WHAT NEEDS TO BE DONE »
Scan the records beneath this line for the line holding "Bosfor Hamur Yoğurma" and the line holding "CPA la flecha de la catedral de Amberes", then transcribe exactly those two and all lines between.

SUPPLIED RECORDS »
==================================================
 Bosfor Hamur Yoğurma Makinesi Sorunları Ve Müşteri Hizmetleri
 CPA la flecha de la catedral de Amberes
==================================================
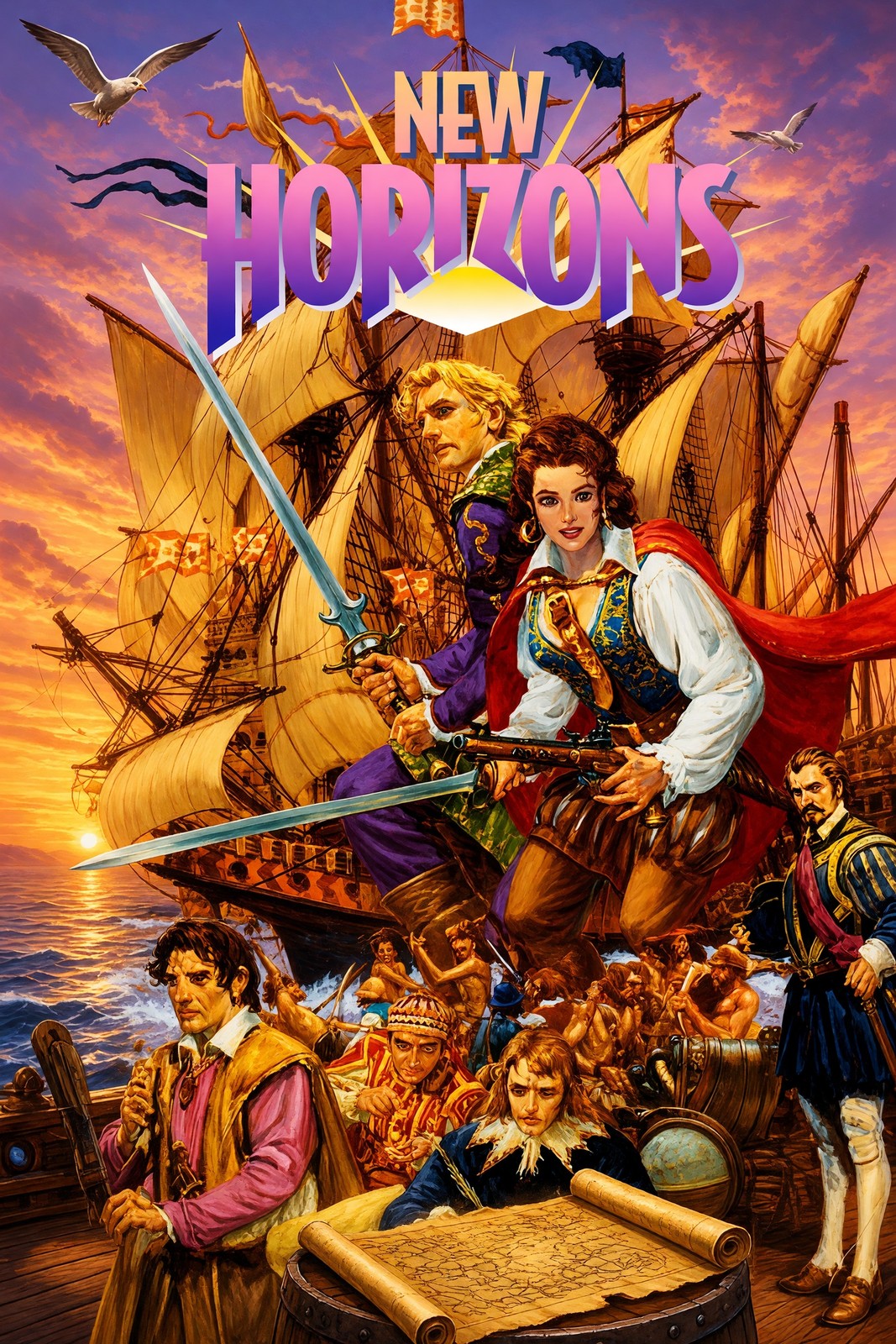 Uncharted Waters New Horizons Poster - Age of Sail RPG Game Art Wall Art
==================================================
THE ANSWER »
 Bosfor Hamur Yoğurma Makinesi Sorunları Ve Müşteri Hizmetleri
 CPA la flecha de la catedral de Amberes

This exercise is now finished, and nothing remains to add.